A new paper from Microsoft proposes using small models to compress prompts before passing them to larger models like gpt-4. The researchers were able to both achieve up to a 20x reduction in prompt tokens with some performance loss or a 4x reduction with a performance increase. Performance in this case means produced the desired output[1].
Usage is straightforward:
from llmlingua import PromptCompressor
llm_lingua = PromptCompressor()
compressed_prompt = llm_lingua.compress_prompt(
prompt_complex.split("\n\n"),
instruction="",
question="",
target_token=200,
context_budget="*1.5",
iterative_size=100,
)
instruction = "Please reference the following examples to answer the math question,\n"
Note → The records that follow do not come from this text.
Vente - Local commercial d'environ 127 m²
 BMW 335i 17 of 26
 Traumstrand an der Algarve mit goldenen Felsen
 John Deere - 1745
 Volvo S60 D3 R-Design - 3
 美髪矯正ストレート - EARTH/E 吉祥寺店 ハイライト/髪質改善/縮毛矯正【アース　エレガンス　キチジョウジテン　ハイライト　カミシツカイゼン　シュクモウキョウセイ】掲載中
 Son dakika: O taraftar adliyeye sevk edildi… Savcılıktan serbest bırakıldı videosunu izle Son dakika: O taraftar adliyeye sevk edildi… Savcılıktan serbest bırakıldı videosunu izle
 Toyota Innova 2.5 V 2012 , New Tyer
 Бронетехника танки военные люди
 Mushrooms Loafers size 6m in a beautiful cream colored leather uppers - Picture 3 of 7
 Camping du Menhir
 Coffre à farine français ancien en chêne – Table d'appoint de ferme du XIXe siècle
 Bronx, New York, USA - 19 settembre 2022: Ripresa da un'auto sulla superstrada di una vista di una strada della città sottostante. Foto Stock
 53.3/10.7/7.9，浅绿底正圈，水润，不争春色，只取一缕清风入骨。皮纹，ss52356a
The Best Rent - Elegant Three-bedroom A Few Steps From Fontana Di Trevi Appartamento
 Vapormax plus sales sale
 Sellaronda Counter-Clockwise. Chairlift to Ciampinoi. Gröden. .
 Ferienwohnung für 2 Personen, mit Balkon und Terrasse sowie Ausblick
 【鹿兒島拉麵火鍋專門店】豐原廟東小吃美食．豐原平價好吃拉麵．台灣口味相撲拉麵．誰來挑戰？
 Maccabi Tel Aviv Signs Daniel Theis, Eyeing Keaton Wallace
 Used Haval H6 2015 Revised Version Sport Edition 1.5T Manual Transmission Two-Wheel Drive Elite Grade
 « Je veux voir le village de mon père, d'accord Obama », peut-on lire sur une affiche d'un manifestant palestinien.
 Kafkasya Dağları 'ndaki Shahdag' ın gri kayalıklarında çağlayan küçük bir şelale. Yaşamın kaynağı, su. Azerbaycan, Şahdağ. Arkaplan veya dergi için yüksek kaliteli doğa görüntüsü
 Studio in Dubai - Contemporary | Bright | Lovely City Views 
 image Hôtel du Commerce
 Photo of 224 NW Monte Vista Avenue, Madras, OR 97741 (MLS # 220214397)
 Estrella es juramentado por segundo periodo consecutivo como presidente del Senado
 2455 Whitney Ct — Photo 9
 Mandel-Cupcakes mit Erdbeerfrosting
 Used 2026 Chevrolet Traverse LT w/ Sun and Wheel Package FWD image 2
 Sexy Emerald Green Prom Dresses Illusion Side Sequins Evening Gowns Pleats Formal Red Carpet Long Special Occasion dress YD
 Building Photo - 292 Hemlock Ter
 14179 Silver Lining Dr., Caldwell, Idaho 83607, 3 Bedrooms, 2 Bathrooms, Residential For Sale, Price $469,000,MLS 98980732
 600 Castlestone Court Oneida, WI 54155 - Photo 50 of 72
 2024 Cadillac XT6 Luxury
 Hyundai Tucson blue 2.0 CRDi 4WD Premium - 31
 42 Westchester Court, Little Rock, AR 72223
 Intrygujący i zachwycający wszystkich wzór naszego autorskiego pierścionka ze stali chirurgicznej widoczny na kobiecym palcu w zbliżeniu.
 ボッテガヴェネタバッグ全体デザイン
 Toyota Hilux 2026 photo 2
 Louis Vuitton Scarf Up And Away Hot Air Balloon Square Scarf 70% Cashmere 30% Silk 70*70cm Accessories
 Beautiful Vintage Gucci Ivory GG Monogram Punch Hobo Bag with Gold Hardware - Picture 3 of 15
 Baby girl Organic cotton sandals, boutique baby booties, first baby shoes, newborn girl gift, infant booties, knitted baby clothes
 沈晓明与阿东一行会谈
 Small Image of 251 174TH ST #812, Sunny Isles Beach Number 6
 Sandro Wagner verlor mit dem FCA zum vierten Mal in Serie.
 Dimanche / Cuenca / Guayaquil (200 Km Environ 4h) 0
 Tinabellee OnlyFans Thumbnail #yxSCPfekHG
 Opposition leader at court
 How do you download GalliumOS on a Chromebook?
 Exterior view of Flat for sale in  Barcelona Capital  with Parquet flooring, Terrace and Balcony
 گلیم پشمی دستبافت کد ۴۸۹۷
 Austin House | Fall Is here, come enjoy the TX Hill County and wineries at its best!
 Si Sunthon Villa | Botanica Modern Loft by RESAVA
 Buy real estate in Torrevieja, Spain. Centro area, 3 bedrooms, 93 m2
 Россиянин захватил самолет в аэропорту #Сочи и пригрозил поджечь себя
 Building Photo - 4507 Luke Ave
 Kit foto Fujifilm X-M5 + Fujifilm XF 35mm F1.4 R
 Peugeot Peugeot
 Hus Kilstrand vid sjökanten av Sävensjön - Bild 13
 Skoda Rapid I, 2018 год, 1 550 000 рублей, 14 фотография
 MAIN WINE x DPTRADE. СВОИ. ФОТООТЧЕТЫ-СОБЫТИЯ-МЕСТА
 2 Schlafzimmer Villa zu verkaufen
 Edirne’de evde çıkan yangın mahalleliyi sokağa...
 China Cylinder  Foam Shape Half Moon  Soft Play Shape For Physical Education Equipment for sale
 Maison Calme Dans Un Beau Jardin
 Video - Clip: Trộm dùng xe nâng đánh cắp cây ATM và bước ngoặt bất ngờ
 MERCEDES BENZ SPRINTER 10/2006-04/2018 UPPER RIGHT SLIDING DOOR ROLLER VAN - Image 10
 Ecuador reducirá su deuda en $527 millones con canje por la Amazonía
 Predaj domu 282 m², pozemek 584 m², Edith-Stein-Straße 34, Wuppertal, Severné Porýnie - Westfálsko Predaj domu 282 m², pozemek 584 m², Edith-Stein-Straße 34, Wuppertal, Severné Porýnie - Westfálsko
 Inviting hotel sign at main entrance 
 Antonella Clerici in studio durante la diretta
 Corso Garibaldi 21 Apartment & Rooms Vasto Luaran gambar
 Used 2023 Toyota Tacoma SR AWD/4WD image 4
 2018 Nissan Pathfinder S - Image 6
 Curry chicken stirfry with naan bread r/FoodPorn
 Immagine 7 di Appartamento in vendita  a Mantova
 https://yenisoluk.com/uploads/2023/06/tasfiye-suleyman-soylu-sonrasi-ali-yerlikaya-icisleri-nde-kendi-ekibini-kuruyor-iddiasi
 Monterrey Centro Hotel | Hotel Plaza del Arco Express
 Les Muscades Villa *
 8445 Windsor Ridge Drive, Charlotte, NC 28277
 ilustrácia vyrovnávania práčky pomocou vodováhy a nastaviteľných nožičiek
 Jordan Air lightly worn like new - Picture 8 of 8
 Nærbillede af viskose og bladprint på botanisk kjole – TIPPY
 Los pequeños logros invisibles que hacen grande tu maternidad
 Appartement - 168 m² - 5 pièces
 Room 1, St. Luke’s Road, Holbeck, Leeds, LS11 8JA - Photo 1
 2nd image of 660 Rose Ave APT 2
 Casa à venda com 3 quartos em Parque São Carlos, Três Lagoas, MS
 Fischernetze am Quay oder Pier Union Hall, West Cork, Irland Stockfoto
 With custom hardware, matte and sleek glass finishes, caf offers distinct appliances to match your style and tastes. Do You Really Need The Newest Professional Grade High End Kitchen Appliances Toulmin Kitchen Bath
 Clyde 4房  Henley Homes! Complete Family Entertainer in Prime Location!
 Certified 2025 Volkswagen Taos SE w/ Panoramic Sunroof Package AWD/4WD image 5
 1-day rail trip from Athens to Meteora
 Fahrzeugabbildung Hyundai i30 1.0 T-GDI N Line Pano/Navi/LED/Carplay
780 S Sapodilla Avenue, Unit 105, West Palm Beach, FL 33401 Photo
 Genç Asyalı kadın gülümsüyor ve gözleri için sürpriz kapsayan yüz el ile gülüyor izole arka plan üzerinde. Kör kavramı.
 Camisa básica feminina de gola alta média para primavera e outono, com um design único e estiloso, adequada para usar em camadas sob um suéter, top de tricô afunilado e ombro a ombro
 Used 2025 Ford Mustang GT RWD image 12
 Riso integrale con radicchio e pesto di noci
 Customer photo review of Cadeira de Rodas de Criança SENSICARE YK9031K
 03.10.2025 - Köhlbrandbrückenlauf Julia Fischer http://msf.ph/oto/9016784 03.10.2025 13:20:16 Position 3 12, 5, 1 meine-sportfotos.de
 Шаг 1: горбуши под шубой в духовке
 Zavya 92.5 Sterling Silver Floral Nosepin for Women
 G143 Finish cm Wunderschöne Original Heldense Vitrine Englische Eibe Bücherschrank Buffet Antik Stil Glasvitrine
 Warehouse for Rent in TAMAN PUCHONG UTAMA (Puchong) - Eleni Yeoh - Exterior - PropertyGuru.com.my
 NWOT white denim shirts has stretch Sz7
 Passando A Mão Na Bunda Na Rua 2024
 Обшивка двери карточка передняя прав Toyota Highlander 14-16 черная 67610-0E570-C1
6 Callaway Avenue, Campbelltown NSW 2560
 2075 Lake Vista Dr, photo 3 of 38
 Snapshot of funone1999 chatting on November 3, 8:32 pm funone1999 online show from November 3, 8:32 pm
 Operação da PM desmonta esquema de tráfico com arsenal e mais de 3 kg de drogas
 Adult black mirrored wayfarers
prompt = instruction + compressed_prompt["compressed_prompt"] + "\n\nQuestion: " + question
request_data = {
"prompt": prompt,
"max_tokens": 400,
"temperature": 0,
"top_p": 1,
"n": 1,
"stream": False,
"stop": "\r\n",
}
response = openai.Completion.create(
"gpt-3.5-turbo-0301",
**request_data,
)
There are 4 big challenges to deploying LLMs in production performance, cost, latency and security. This project hits 3 of the 4. Though it is possible that this approach might even be useful to mitigate prompt injection if a small model that was trained to recognize and strip prompt injection attempts were created.